Records contained in a dataset
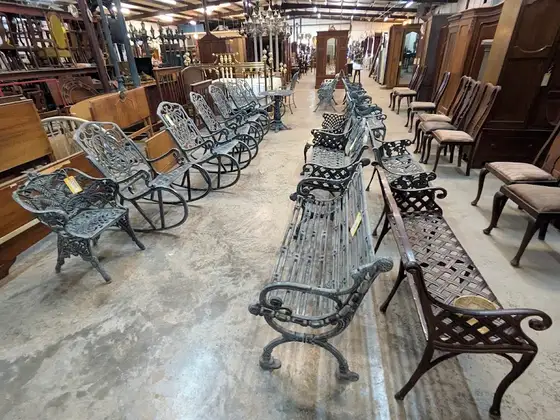 Little Red's Antiques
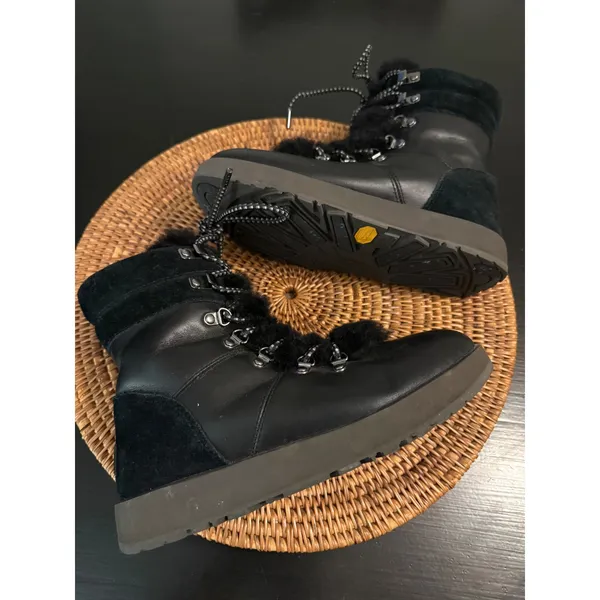 UGG Viki Boot Black Waterproof Leather‎ Vibram Arctic Grip Women - Image 6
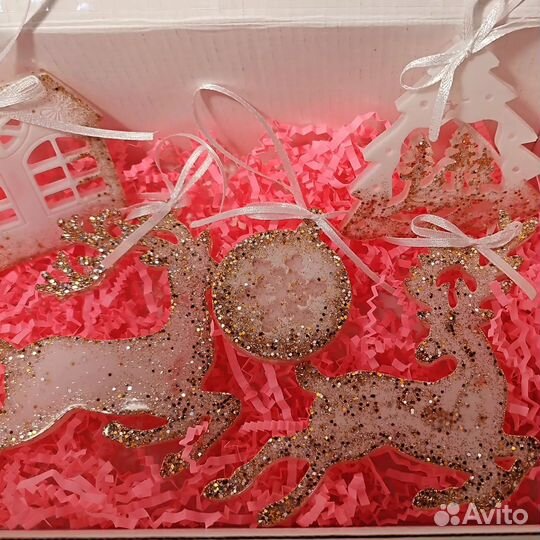 Елочные игрушки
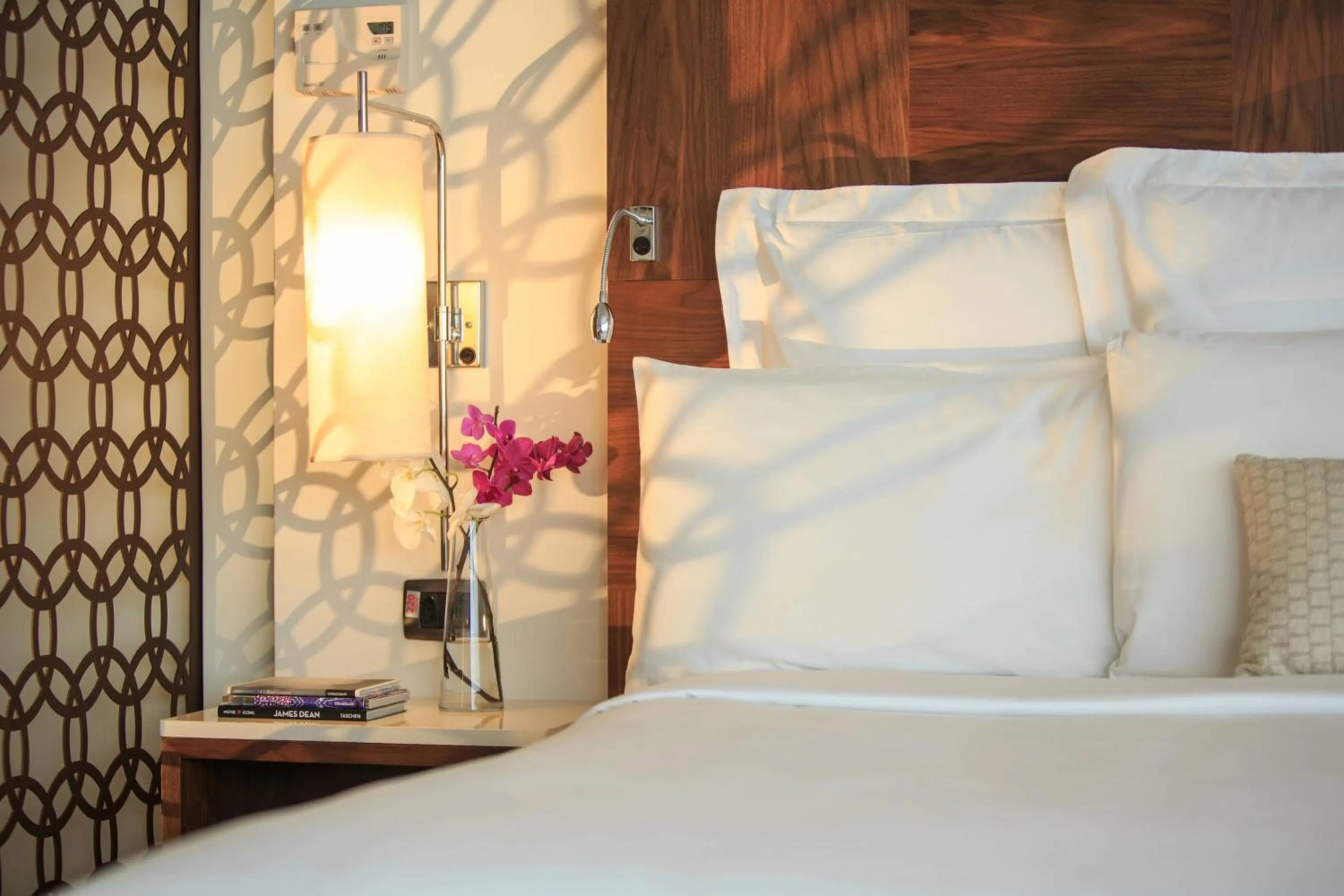 Bedroom, Bed in Renaissance São Paulo Hotel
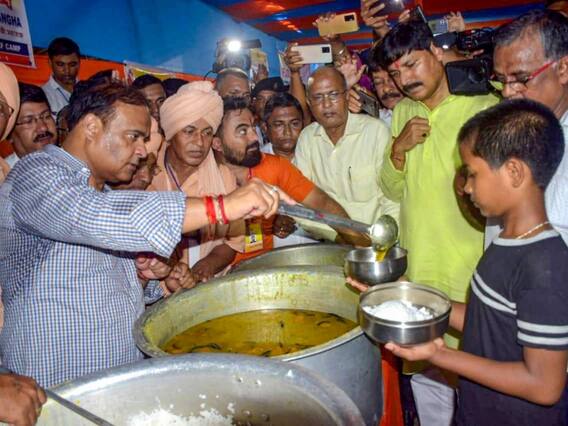 PHOTOS: असम में भारी बारिश और बाढ़ ने मचाई तबाही, हजारों घर डूबे, लोग पलायन को मजबूर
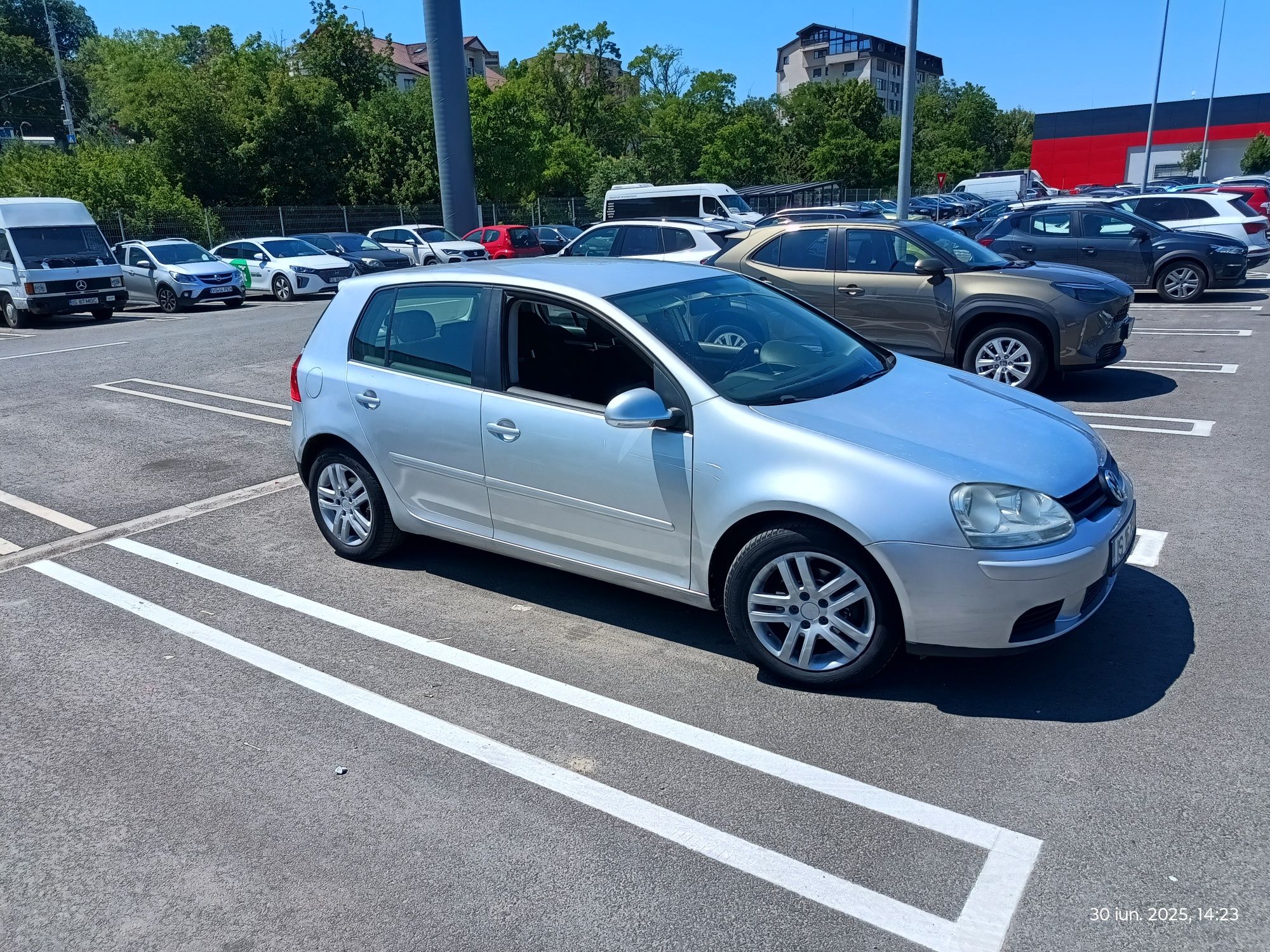 Vw golf 5  1.6  mpi benzina  102 cp + gpl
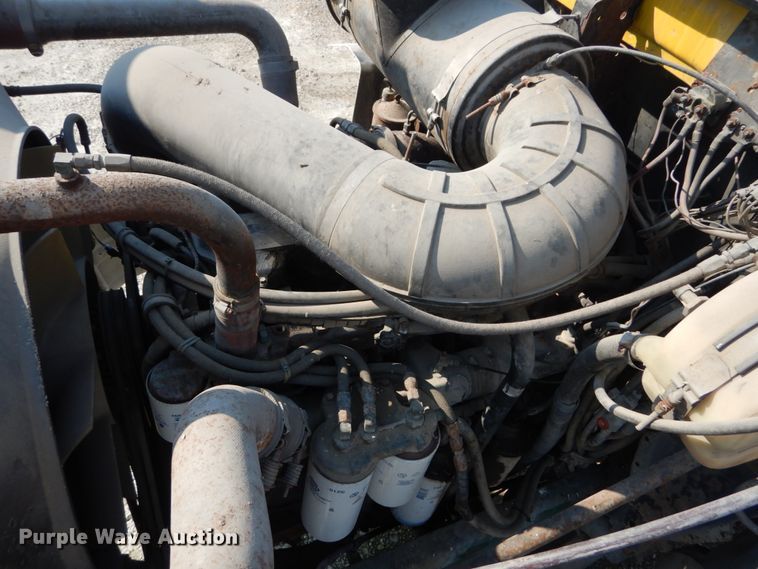 image for item JG9142 1996 Mack CH613  fertilizer delivery truck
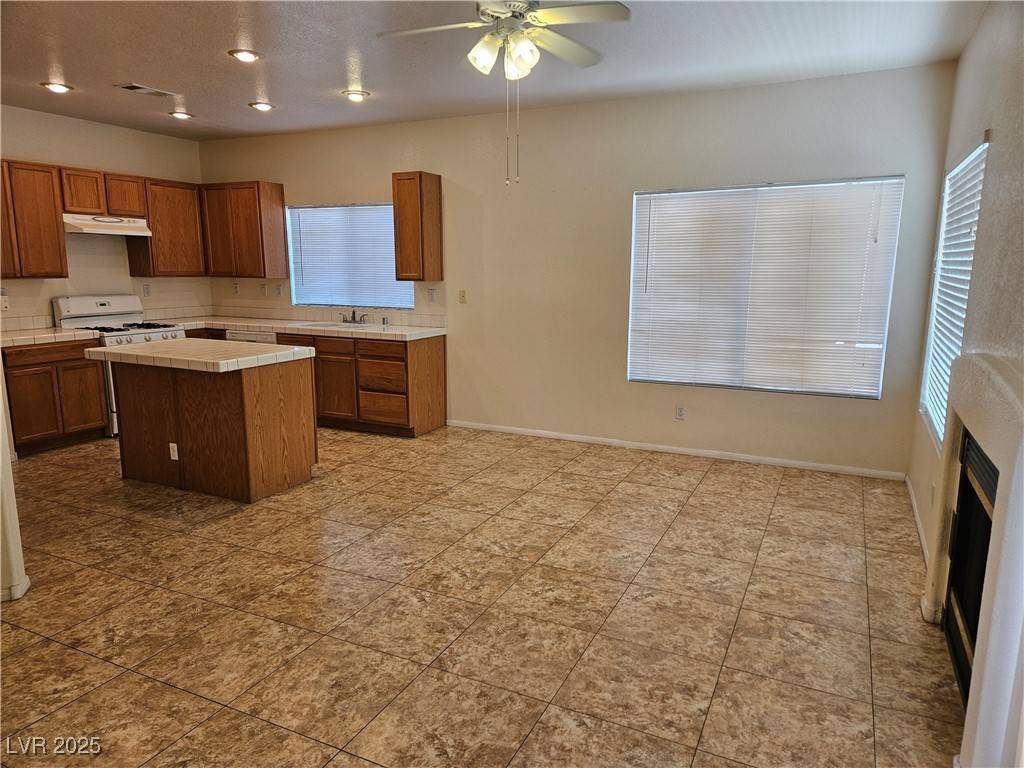 Las Vegas, NV 89147,7849 Blue Brook DR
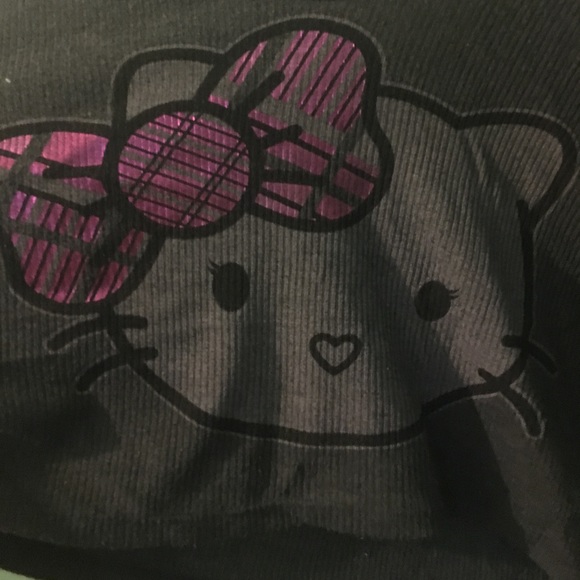 Hello kitty sweater - Picture 2 of 3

## [Exercise details]
Your reply should hold only the lines running from the one with "Елочные игрушки" to the end of the data above, set down exactly, pictures omitted.

## [Reply to the task]
 Елочные игрушки
 Bedroom, Bed in Renaissance São Paulo Hotel
 PHOTOS: असम में भारी बारिश और बाढ़ ने मचाई तबाही, हजारों घर डूबे, लोग पलायन को मजबूर
 Vw golf 5  1.6  mpi benzina  102 cp + gpl
 image for item JG9142 1996 Mack CH613  fertilizer delivery truck
 Las Vegas, NV 89147,7849 Blue Brook DR
 Hello kitty sweater - Picture 2 of 3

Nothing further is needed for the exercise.